Currently I've added support for community sites using Slash, Virgule, or PHP-Nuke, weblogs that use either a <link> tag or an xml.gif image to point to their RSS feed, and individual diaries on Virgule-powered sites. And I wrote a simplified "Subscribe" bookmarklet that just passes Hep the URL of the web page you're currently looking at.
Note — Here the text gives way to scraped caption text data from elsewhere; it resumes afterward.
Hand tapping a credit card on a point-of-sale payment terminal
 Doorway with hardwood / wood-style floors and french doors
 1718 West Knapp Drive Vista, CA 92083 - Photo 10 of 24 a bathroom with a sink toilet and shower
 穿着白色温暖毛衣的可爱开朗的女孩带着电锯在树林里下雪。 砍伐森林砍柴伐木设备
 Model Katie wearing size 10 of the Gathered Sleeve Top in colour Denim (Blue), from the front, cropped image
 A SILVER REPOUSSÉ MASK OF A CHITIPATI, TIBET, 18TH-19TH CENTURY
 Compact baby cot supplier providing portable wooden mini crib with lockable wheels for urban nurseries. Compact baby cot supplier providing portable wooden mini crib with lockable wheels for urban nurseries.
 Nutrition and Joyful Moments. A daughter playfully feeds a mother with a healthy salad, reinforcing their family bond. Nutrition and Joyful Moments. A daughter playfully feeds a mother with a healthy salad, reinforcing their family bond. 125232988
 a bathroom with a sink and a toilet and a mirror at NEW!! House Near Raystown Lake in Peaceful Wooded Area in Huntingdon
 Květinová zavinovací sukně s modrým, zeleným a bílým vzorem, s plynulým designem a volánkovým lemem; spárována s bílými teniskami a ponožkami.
This makes the process of adding a message source almost completely painless:

  1. While browsing, you come accross a page you'd like to subscribe to.
  2. You hit the Subscribe link on your browser's Links toolbar.
  3. You're transferred to Hep, which verifies that you want to add the page as a message source.
  4. You press OK, and are returned to the original page.
  5. From that point forward you get a message in your Inbox every time the page is updated.

All this and more in Hep 0.2.3, coming soon!

26 Jul 2002 (updated 26 Jul 2002 at 19:29 UTC) »

There's a new version of Hep (now officially called Hep Messaging Server) available for download on my website. The GUI from version 0.1 is gone, replaced by web and POP3 servers that let you configure Hep through your browser, and get messages through your e-mail client.

Sending messages to weblogs still isn't supported, but it will be in the next couple of weeks. So Hep 0.2 doesn't really do anything more than 0.1 did - it works as a news aggregator, and that's about it. But internally it has a lot of new features - built in POP3 and web servers, support for multiple users, and a cleaned up API, which gives me a good platform to build on.

Now that it doesn't have its own client interface, Hep should run on any operating system that supports Python and the Python standard libraries. I've been developing it on Linux, but this morning I tested it on Windows and it ran, without errors, the first try. Hooray for Python!